Stiftungen finanzieren sich seit Jahrhunderten durch Landverpachtung
Denn gegründet wurde sie in erster Linie, um alten Menschen günstigen Wohnraum zu bieten. „Rund um den Armenhof gab’s früher schon Häuser dafür“, erzählt Köpping, der zuständig ist für die Immobilien-Verwaltung, sich aber auch darum kümmert, wie das Stiftungs-Kapital am besten angelegt wird. Heute unterhält die Stiftung einen Komplex mit acht Wohneinheiten für Einzel-Personen, die älter als 50 Jahre sind.
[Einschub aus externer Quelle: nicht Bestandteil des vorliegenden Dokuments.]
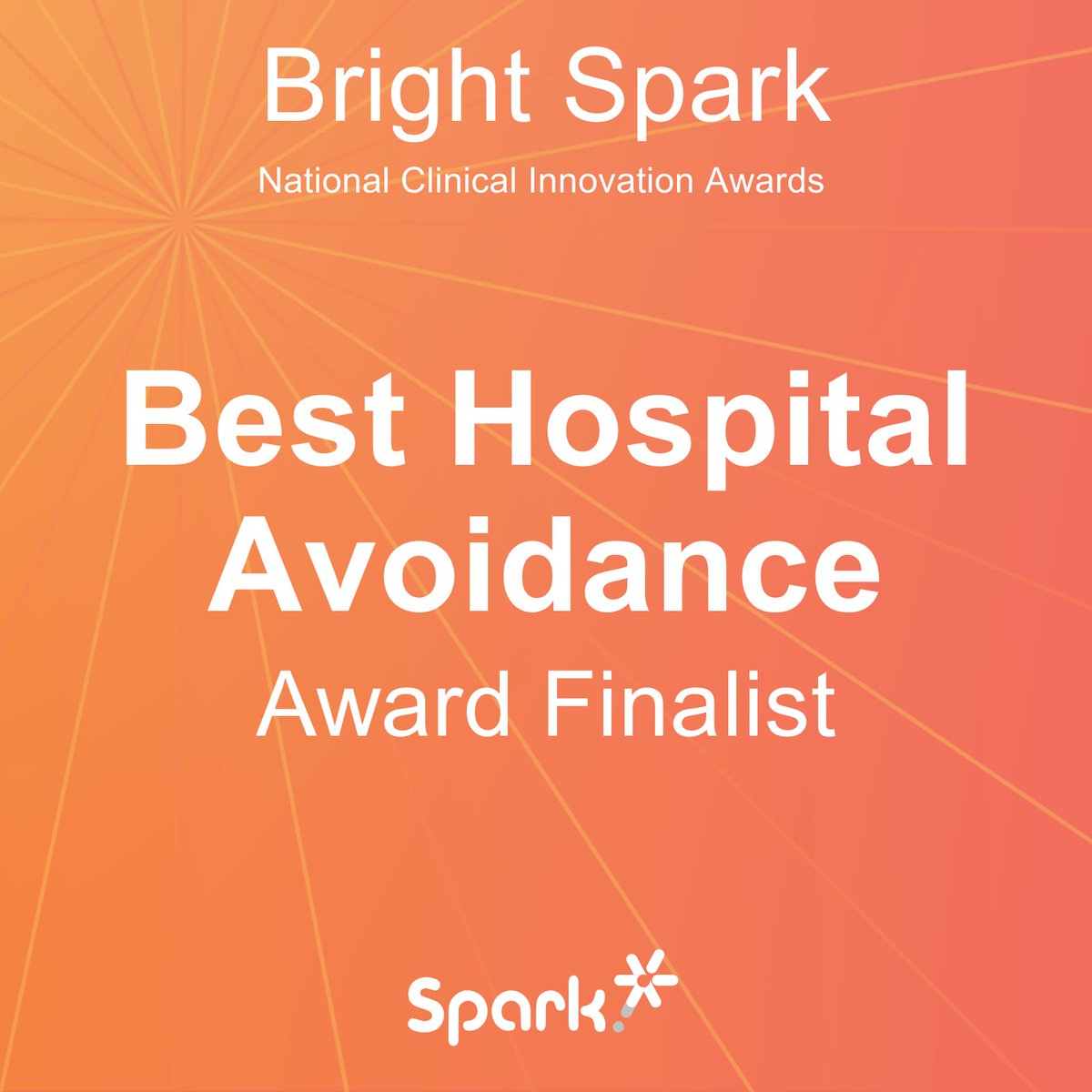 We are delighted to announce we've made finalist for Best Hospital Avoidance!! 🥳Winners announced 11th June in Dublin Convention centre, Wish us luck.🍀#sparksummit2025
Darüber hinaus besitzt die Stiftung drei weitere Häuser an der Gelderschen Kay, die aber „normal“ vermietet werden, sowie eine Eigentums-Wohnung am Stadtgarten.
„Die Stiftung, die aber auch Einrichtungen der Kinder- und Jugendarbeit in Rees unterstützt, finanziert sich wie die anderen auch durch die Verpachtung ihrer etwa 22 Hektar großen landwirtschaftlichen Flächen, die überwiegend rund um Rees liegen“, so der 73-Jährige, der sich unter anderem auch um Reparatur-Arbeiten an den Gebäuden kümmert. Weil auf einem dieser Grundstücke jetzt ein Windrad steht, kann die Apostel-Stiftung jährlich sogar 30.000 Euro ausschütten.
Nachfolger wird Gerd Schmülling
Wenn’s um soziale Wohltaten geht, gibt es noch einen weiteren Akteur in Rees: den Armenfonds der Pfarrgemeinde St. Irmgardis. Er ist ebenfalls sehr alt und hilft, wenn Menschen in Not sind. „Wir ergänzen und unterstützen uns gegenseitig“, sagt der Geistliche, der quasi in Personalunion auftritt. XII-Apostel-Stiftung und Armenfonds finanzieren beispielsweise auch die Personalkosten der Schulsozialarbeiterin, die für die vier Grundschulen arbeitet. „Da hat uns die Stadt um Hilfe gebeten und wir sind eingesprungen“, sagt Pfarrer Eiden.
Jetzt, nach 46 Jahren, hört Otto Köpping also endgültig auf mit der Stiftungsarbeit, will mehr Zeit mit seinen Enkeln verbringen. Der Nachfolger steht übrigens schon fest: „Es wird Gerd Schmülling“, verrät Pfarrer Michael Eiden. Und es gibt interessante Parallelen zu Otto Köpping. Denn der 51-jährige Schmülling ist heute auch schon Geschäftsführer weiterer Stiftungen in Rees. „Und sein Vater hat das auch schon vor ihm gemacht“, schmunzelt Michael Eiden. Sie waren sogar im gleichen Kegelverein, grinst Otto Köpping, „ich war nämlich der Kegeljunge“.